Interval No.	≥		Cell	Cumulative
:	:	:	:	:
101	123.5	123.7	0.001%	0.006%
102	123.7	123.8	0.001%	0.007%
103	123.8	124.0	0.001%	0.008%
104	124.0	124.1	0.001%	0.009%
105	124.1	124.2	0.002%	0.011%
:	:	:	:	:
201	138.0	138.2	0.550%	17.052%
202	138.2	138.3	0.552%	17.604%
203	138.3	138.5	0.555%	18.159%
204	138.5	138.6	0.569%	18.729%
205	138.6	138.8	0.570%	19.299%
:	:	:	:	:
301	152.6	152.7	0.414%	77.652%
302	152.7	152.9	0.388%	78.041%
303	152.9	153.0	0.416%	78.456%
304	153.0	153.1	0.387%	78.844%
305	153.1	153.3	0.373%	79.216%
:	:	:	:	:

Figure 1 shows the result as a bar graph showing the frequency distributions at the respective midpoints of the intervals. The number of intervals is sufficiently numerous to allow the various bars to appear to be adjacent and thus give the appearance of an actual distribution function. The key steps along with the key numerical markers that lead from the loss development history shown in Table 3 to the finished distribution are detailed in Appendix A.

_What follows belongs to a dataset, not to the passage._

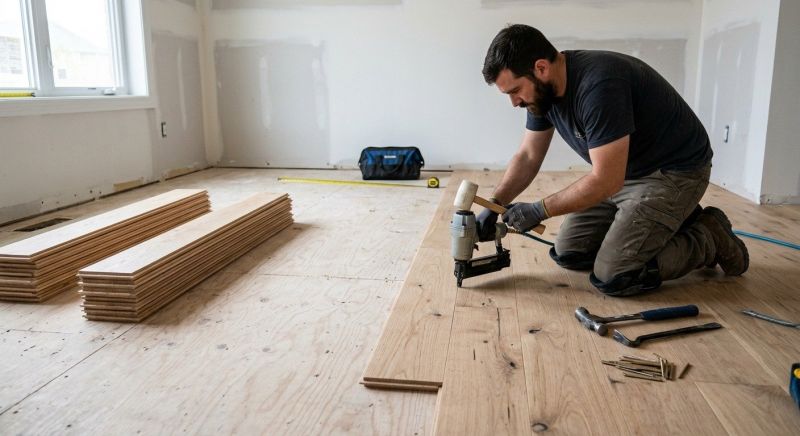 Oak Floor Installation in Woodland, WA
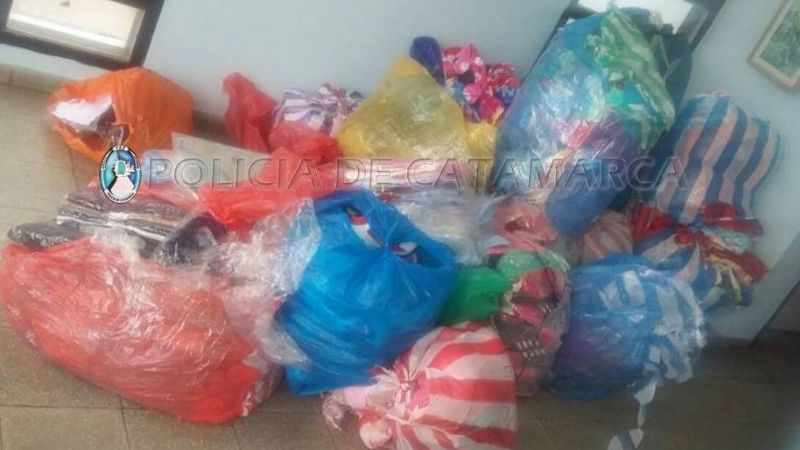 Secuestran mercadería ilegal en puesto caminero de Valle Viejo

Figure 1.Approximation distribution of outputs produced by the LDM: Graphic representation of cell frequencies for the 2000–2008 accident years combined

Variations and other considerations

Given a particular loss development history and an error tolerance ε, the methodology described in this paper produces a unique distribution of outputs produced by the LDM. However, a number of variations on the manner of application of this methodology are possible that may be useful in certain circumstances. Out of the many possible variations, three basic types are presented in this section. It should be noted that each of these variations uses the same methodological scheme, with some slight adjustments to recognize the type of variation that is being used. No substantive changes in methodology are required to use these variations. Also, these variations can be used singly or in combination.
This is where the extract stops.